_Work instruction_
Copy each entry below unchanged; the images do not go in the copy.

_Material shown_
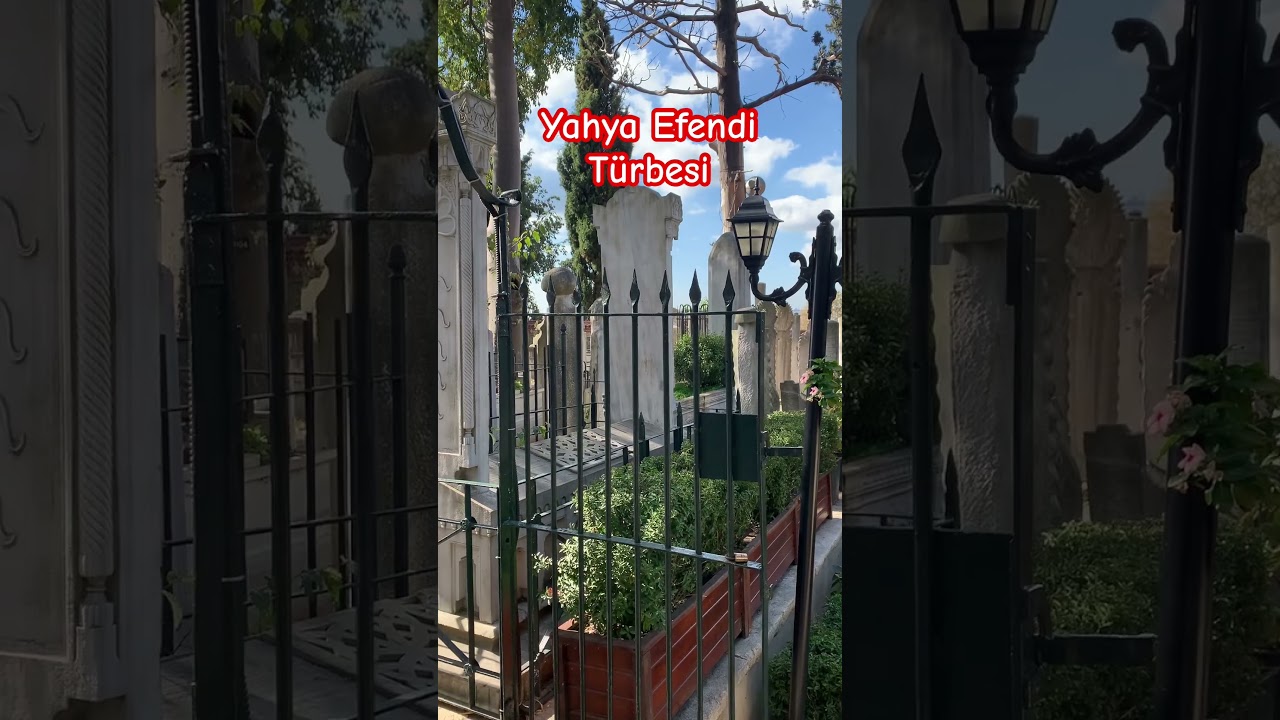 Yahya Efendi T&uuml;rbesi Beşiktaş İstanbul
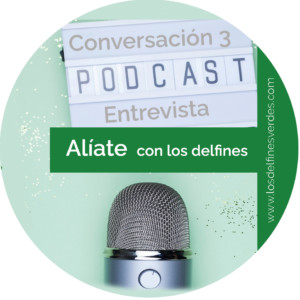 Entrevista-Conversación3: Alíate con los delfines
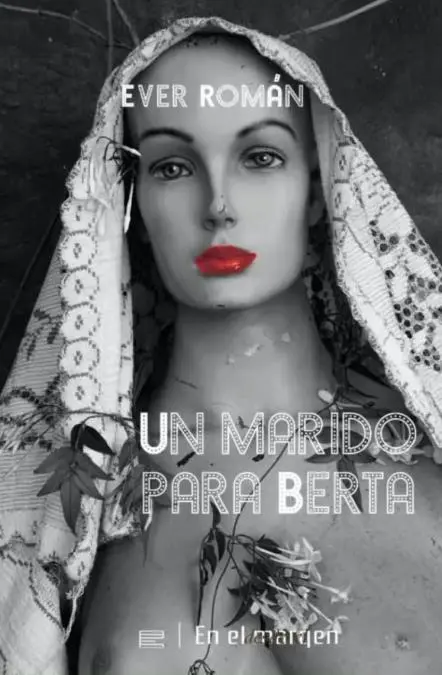 �ltima novela de Ever Rom�n. Cortes�a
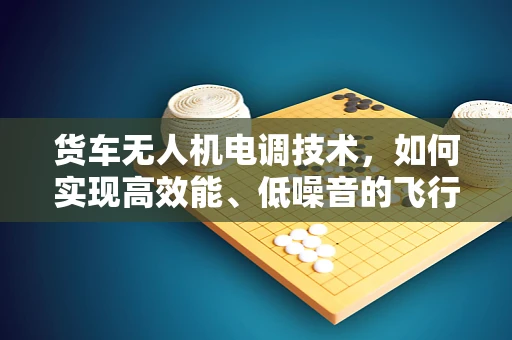 货车无人机电调技术，如何实现高效能、低噪音的飞行？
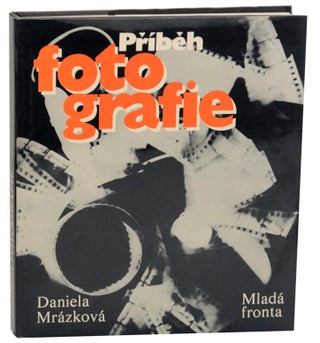 Item #175355 Pribeh Fotografie: vypráv ní o historii sv tové fotografie prost ednictvím ...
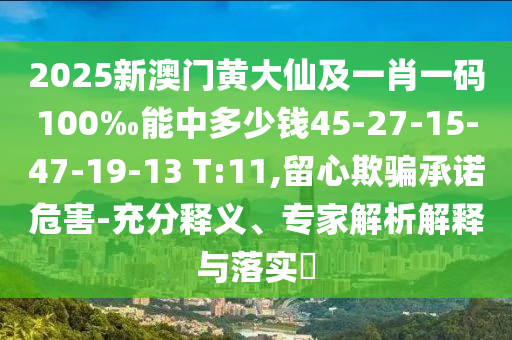 2025新澳門黃大仙及一肖一碼100‰能中多少錢45-27-15-47-19-13 T:11,留心欺騙承諾危害-充分釋義、專家解析解釋與落實(shí)?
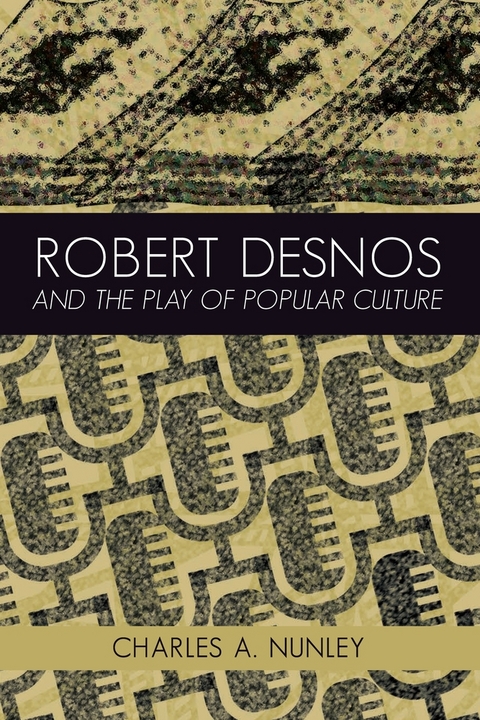 Robert Desnos and the Play of Popular Culture - Charles A. Nunley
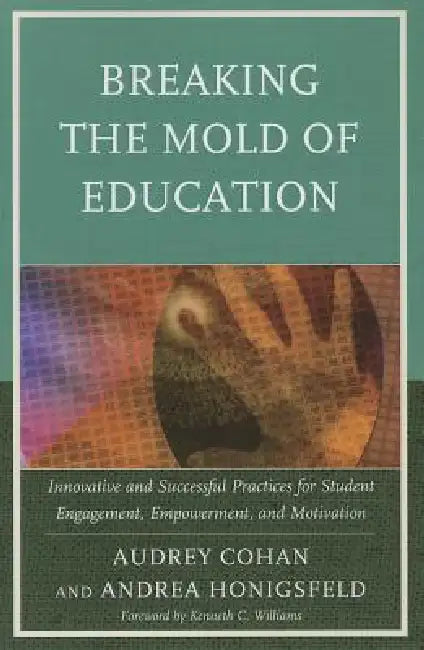 Breaking the Mold of Education (English, Audrey Cohan | Andrea Honigsfeld)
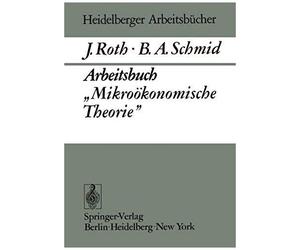 Arbeitsbuch "Mikroökonomische Theorie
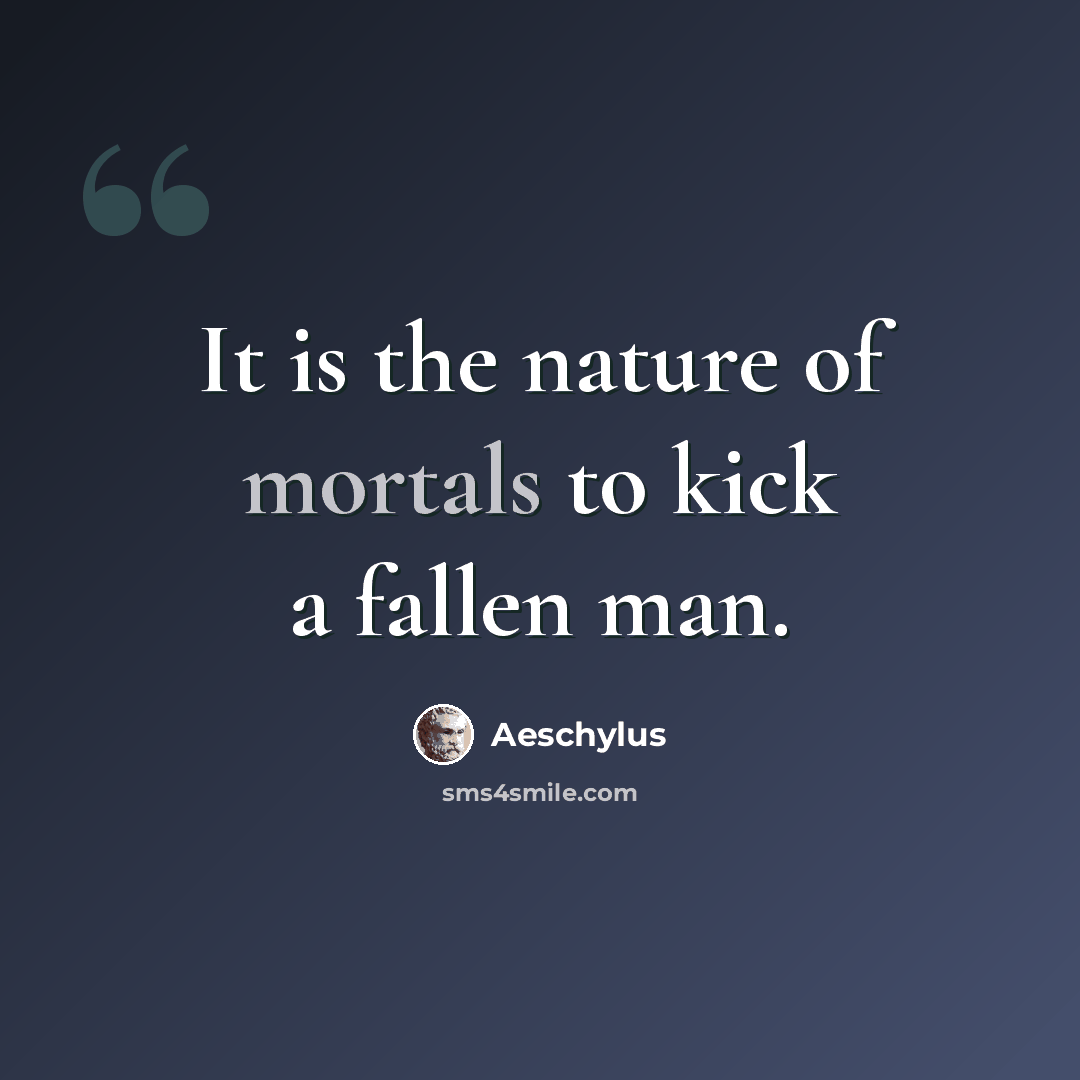 “It is the nature of mortals to kick a fallen man.” quote by Aeschylus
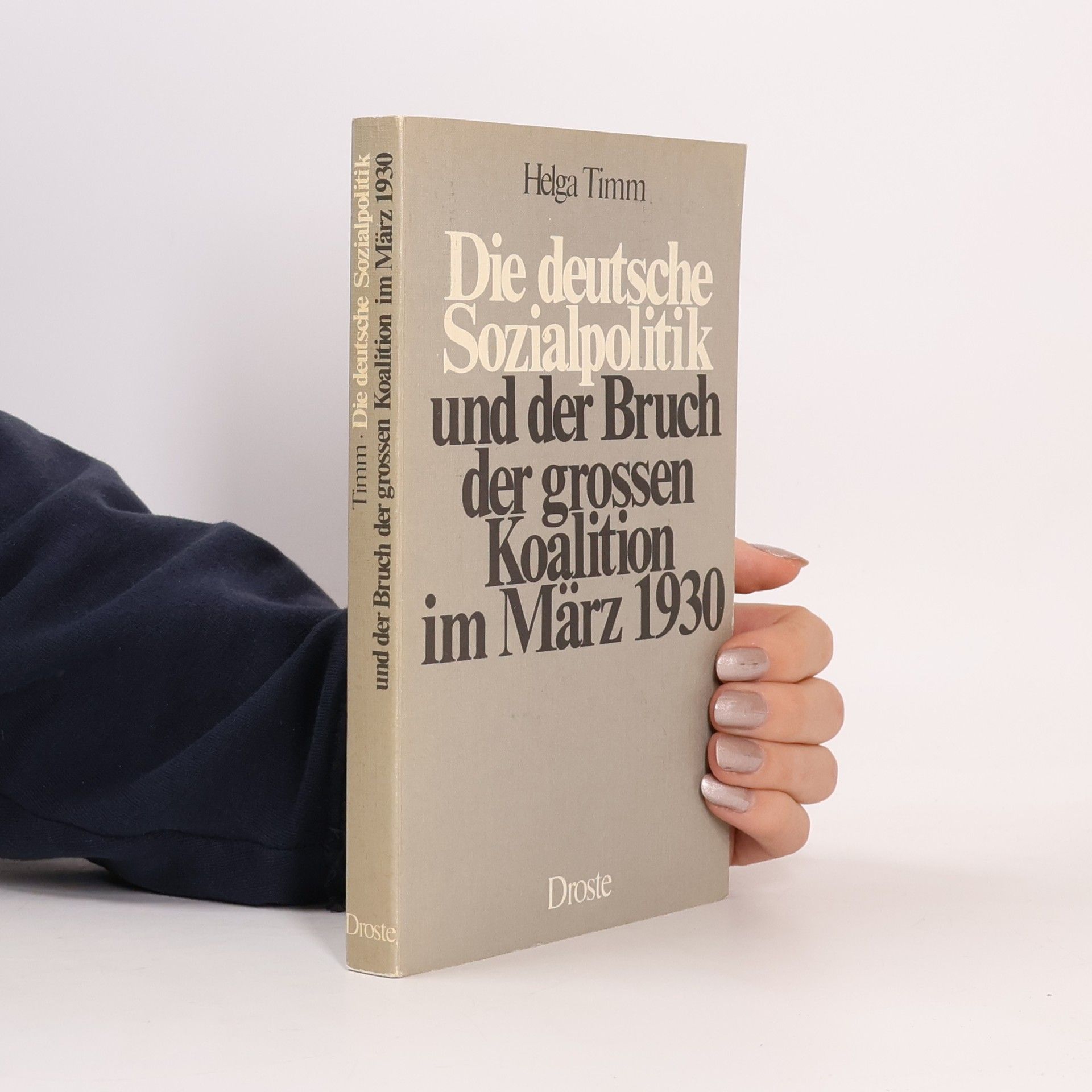 Die deutsche Sozialpolitik und der Bruch der grossen Koalition im März 1930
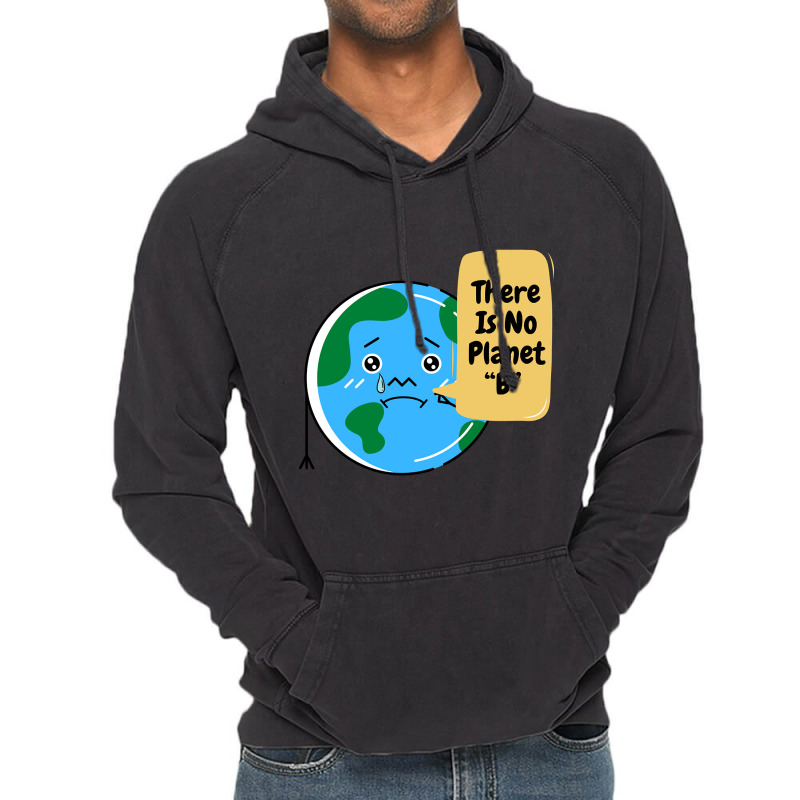 There Is No Planet B-k2dyt Vintage Hoodie | Artistshot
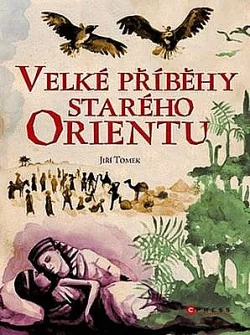 Velké příběhy starého Orientu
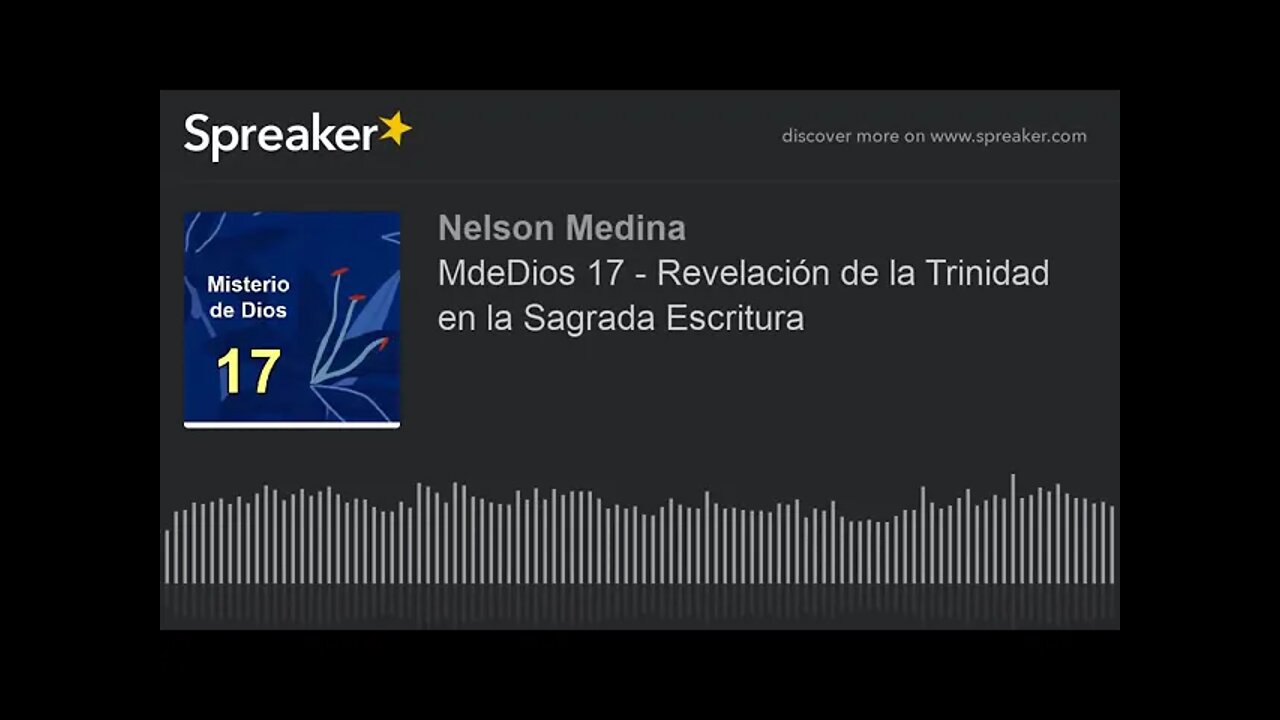 Revelación de la Trinidad en las Sagradas Escrituras. Fray Nelson Medina.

_Answer to the exercise_
 Yahya Efendi T&uuml;rbesi Beşiktaş İstanbul
 Entrevista-Conversación3: Alíate con los delfines
 �ltima novela de Ever Rom�n. Cortes�a
 货车无人机电调技术，如何实现高效能、低噪音的飞行？
 Item #175355 Pribeh Fotografie: vypráv ní o historii sv tové fotografie prost ednictvím ...
 2025新澳門黃大仙及一肖一碼100‰能中多少錢45-27-15-47-19-13 T:11,留心欺騙承諾危害-充分釋義、專家解析解釋與落實(shí)?
 Robert Desnos and the Play of Popular Culture - Charles A. Nunley
 Breaking the Mold of Education (English, Audrey Cohan | Andrea Honigsfeld)
 Arbeitsbuch "Mikroökonomische Theorie
 “It is the nature of mortals to kick a fallen man.” quote by Aeschylus
 Die deutsche Sozialpolitik und der Bruch der grossen Koalition im März 1930
 There Is No Planet B-k2dyt Vintage Hoodie | Artistshot
 Velké příběhy starého Orientu
 Revelación de la Trinidad en las Sagradas Escrituras. Fray Nelson Medina.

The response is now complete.